_Available records_
↓
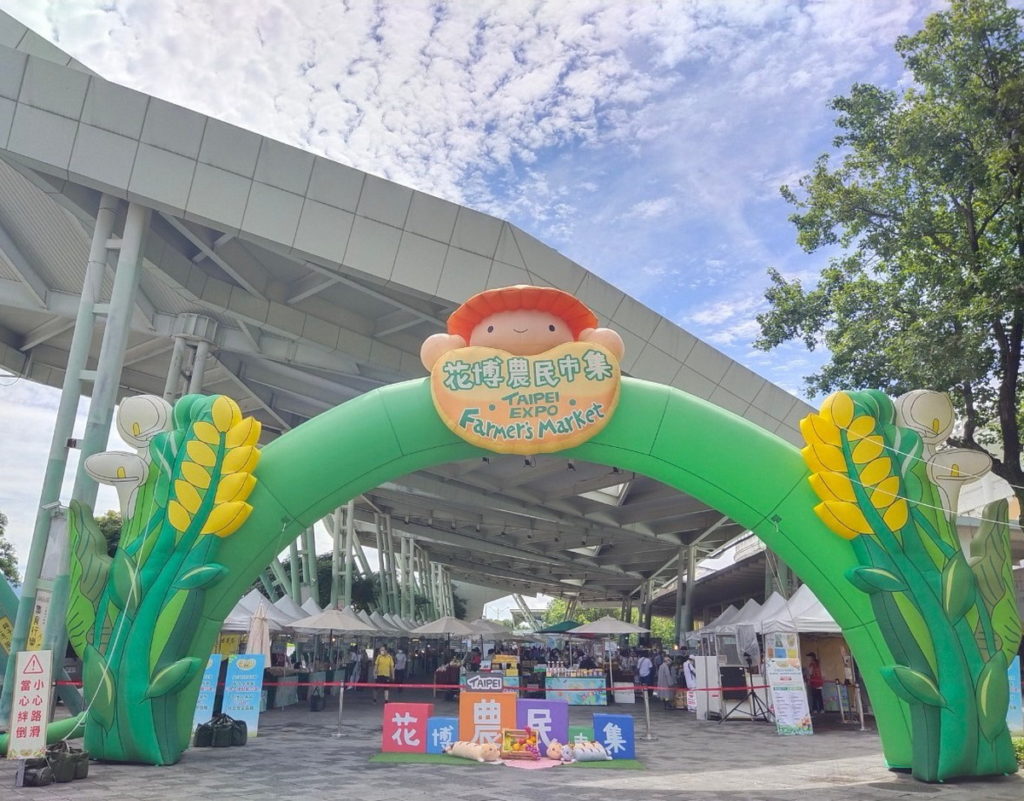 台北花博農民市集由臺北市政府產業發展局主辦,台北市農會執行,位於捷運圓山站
↑
↓
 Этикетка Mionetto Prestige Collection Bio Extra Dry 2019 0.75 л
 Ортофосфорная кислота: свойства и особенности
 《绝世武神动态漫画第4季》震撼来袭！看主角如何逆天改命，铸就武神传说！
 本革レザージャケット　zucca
↑
_Work to complete_
Begin with the line above that has "Ортофосфорная кислота: свойства" and continue through the line that has "本革レザージャケット　zucca", setting each one down exactly. Stop there.

_Expected answer_
 Ортофосфорная кислота: свойства и особенности
 《绝世武神动态漫画第4季》震撼来袭！看主角如何逆天改命，铸就武神传说！
 本革レザージャケット　zucca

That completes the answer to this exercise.